Directions: Set all the entries down again, unaltered.
The input START
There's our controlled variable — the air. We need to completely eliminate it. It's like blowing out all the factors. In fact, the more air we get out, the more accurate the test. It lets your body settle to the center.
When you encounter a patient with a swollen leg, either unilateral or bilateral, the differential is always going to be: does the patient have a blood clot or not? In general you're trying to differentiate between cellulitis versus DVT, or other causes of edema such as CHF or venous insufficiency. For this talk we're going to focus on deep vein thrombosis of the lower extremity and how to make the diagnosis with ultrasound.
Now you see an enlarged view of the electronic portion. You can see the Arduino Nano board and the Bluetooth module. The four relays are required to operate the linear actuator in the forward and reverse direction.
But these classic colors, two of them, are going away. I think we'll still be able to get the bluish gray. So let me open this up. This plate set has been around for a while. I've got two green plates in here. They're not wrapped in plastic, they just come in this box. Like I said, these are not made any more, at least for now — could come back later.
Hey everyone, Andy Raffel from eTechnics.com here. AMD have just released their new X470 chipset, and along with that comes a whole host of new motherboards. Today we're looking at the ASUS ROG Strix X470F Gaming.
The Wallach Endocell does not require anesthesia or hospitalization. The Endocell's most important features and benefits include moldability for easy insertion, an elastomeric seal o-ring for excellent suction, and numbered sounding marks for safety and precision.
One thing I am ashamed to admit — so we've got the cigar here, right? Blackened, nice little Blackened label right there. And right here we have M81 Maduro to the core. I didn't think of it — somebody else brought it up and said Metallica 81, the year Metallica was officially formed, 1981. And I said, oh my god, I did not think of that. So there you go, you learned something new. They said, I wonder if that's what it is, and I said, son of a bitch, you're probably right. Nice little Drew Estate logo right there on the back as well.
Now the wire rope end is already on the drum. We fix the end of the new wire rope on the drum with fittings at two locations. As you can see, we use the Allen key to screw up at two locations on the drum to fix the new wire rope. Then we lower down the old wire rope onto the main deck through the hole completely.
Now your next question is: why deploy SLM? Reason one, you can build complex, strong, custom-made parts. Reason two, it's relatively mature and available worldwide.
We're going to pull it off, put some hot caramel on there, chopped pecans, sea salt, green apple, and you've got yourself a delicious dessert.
The input END
Solution for this task:
There's our controlled variable — the air. We need to completely eliminate it. It's like blowing out all the factors. In fact, the more air we get out, the more accurate the test. It lets your body settle to the center.
When you encounter a patient with a swollen leg, either unilateral or bilateral, the differential is always going to be: does the patient have a blood clot or not? In general you're trying to differentiate between cellulitis versus DVT, or other causes of edema such as CHF or venous insufficiency. For this talk we're going to focus on deep vein thrombosis of the lower extremity and how to make the diagnosis with ultrasound.
Now you see an enlarged view of the electronic portion. You can see the Arduino Nano board and the Bluetooth module. The four relays are required to operate the linear actuator in the forward and reverse direction.
But these classic colors, two of them, are going away. I think we'll still be able to get the bluish gray. So let me open this up. This plate set has been around for a while. I've got two green plates in here. They're not wrapped in plastic, they just come in this box. Like I said, these are not made any more, at least for now — could come back later.
Hey everyone, Andy Raffel from eTechnics.com here. AMD have just released their new X470 chipset, and along with that comes a whole host of new motherboards. Today we're looking at the ASUS ROG Strix X470F Gaming.
The Wallach Endocell does not require anesthesia or hospitalization. The Endocell's most important features and benefits include moldability for easy insertion, an elastomeric seal o-ring for excellent suction, and numbered sounding marks for safety and precision.
One thing I am ashamed to admit — so we've got the cigar here, right? Blackened, nice little Blackened label right there. And right here we have M81 Maduro to the core. I didn't think of it — somebody else brought it up and said Metallica 81, the year Metallica was officially formed, 1981. And I said, oh my god, I did not think of that. So there you go, you learned something new. They said, I wonder if that's what it is, and I said, son of a bitch, you're probably right. Nice little Drew Estate logo right there on the back as well.
Now the wire rope end is already on the drum. We fix the end of the new wire rope on the drum with fittings at two locations. As you can see, we use the Allen key to screw up at two locations on the drum to fix the new wire rope. Then we lower down the old wire rope onto the main deck through the hole completely.
Now your next question is: why deploy SLM? Reason one, you can build complex, strong, custom-made parts. Reason two, it's relatively mature and available worldwide.
We're going to pull it off, put some hot caramel on there, chopped pecans, sea salt, green apple, and you've got yourself a delicious dessert.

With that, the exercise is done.